# Bristol goes to camp



## MeandMy3 (Feb 27, 2013)

Today is the day. Bristol leaves for "camp". I am very comfortable with the trainer, and probably talk to him at least twice a week. He has had some of our lab pups stay with him and always calls to let me know how they did. He has also turned out to be a great resource for me - almost mentor-like. With all of that said, I'm still going to miss that ginger ball of energy. We have a lot going on the next two weeks so it is great timing. My aunt who lives with us turns 100 and we are having a party for her this weekend and we leave next week for San Diego to see my husband's son graduate from Marine's basic training. 

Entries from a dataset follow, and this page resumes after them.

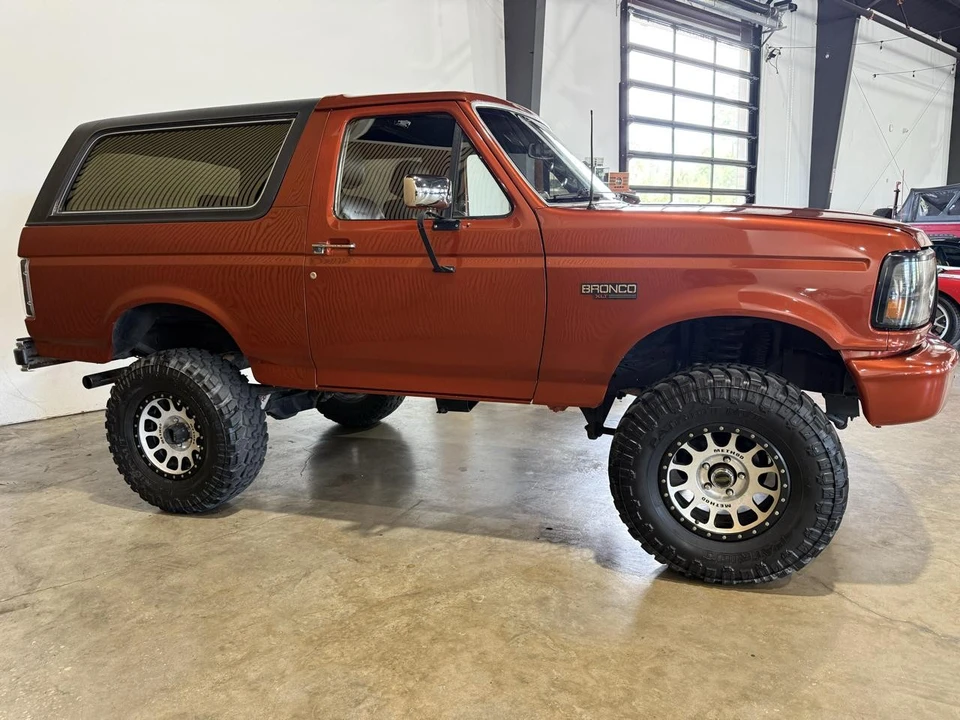 1989 Ford Bronco 4th Gen - Image 7 of 31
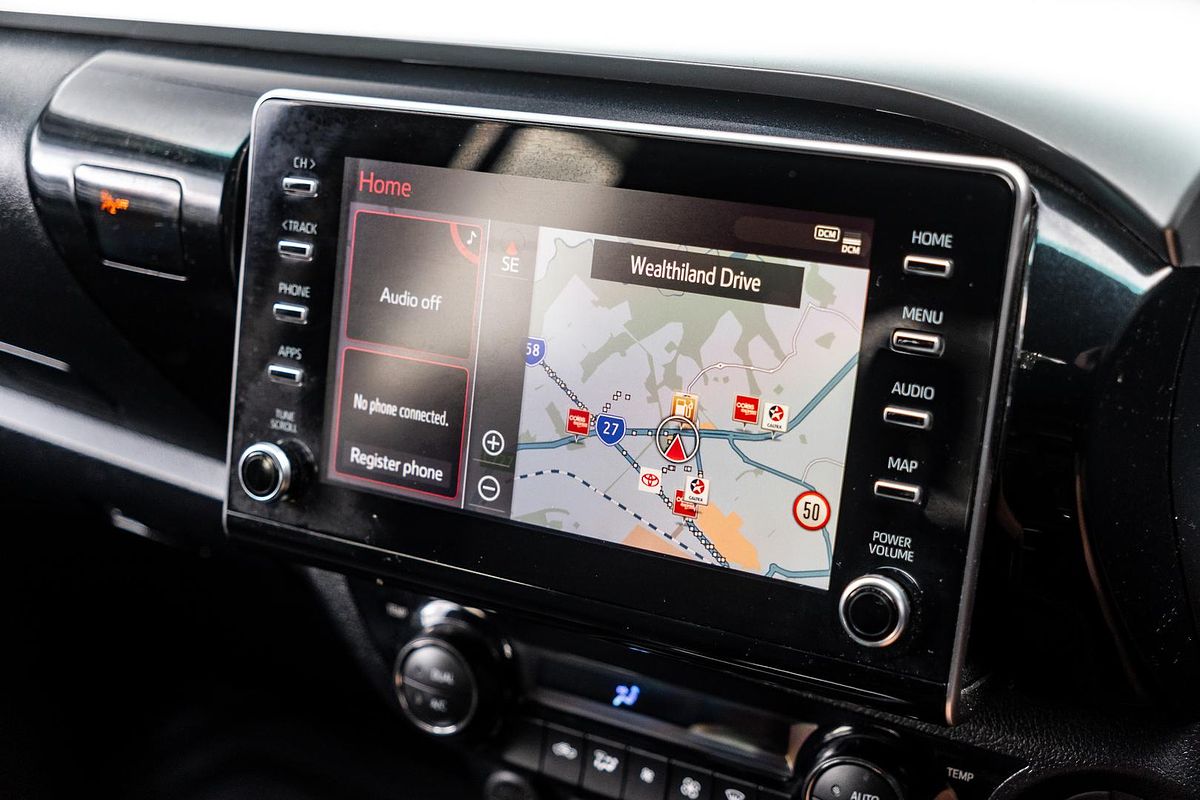 2022 Toyota Hilux SR5 GUN126R 4X4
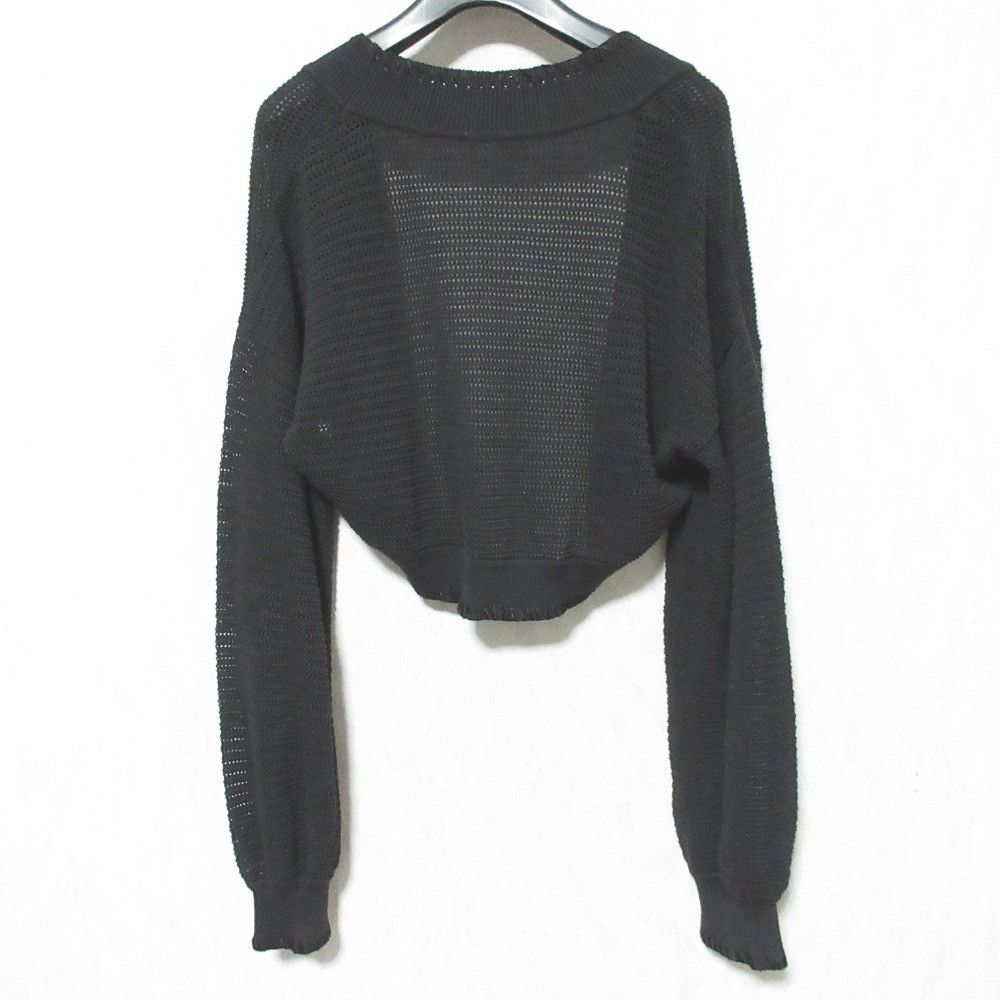 Other Other ADEAM Sage Cardigan Knit Cardigan Textile Tops 45195 DUTY FREE for USA Size ONE SIZE - 2 Thumbnail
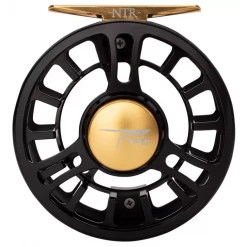 TFO TFR NTR III BG Black 7/8wt Fly Reel 8 TFO TFR NTR III BG Black 7/8wt Fly Reel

Next Monday, we will take the labs for training, so this trainer's calendar will be filled with just our dogs. The labs are only staying for one week. Bristol is a little more stubborn so we felt she could benefit from the two week program. I am already looking forward to getting her back and seeing what she learns.


----------



## MeandMy3 (Feb 27, 2013)

Good morning, all. I dropped Bristol off last night. She was not interested in staying there at all. She was screeching and crying as only a vizsla can. It broke my heart, but I left her. I know she will have a blast once she settles in. She had already tried to head down to the bird hut when we got there. She had been there before for an evaluation. Now I am trying to be strong and wait a couple of days before I check in. Wish me luck!


----------



## Janders (Feb 27, 2014)

Good luck! I know it'll be worth it. It's always hard to leave when they're not happy.


----------



## MeandMy3 (Feb 27, 2013)

Last night I delivered some birds to the trainer. He had purchased them on the way from our lake home to our house in town so I offered to stop and pick them up - save the drive. I also had a hidden agenda - to see Bristol.  He said that she is finally getting it - but still doesn't want to retrieve to him. She will pick up the bird, but thinks it is a game. He thinks she'll need an extra week. I'm ok with that because from the little I saw her last night, I noticed a HUGE improvement. My husband is on his way there now to drop off our labs. Our house will be very quiet for the next week.


----------



## texasred (Jan 29, 2012)

Good to hear she is coming along, and that you let her stay longer. When I send a dog off for training its a flexible timeline, nothing set in stone.


----------



## MeandMy3 (Feb 27, 2013)

I was quite impressed with the trainer - once again. We had signed her up for the 2 week course, he thinks she'll need 3, but said the third week will be "on him" since he hasn't accomplished all he has wanted to. Of course, I will offer to pay for it because I know he is working hard with her. It is evident by the way she responds to him. I also know he is worth his price just from what he did with our lab pups in three days. 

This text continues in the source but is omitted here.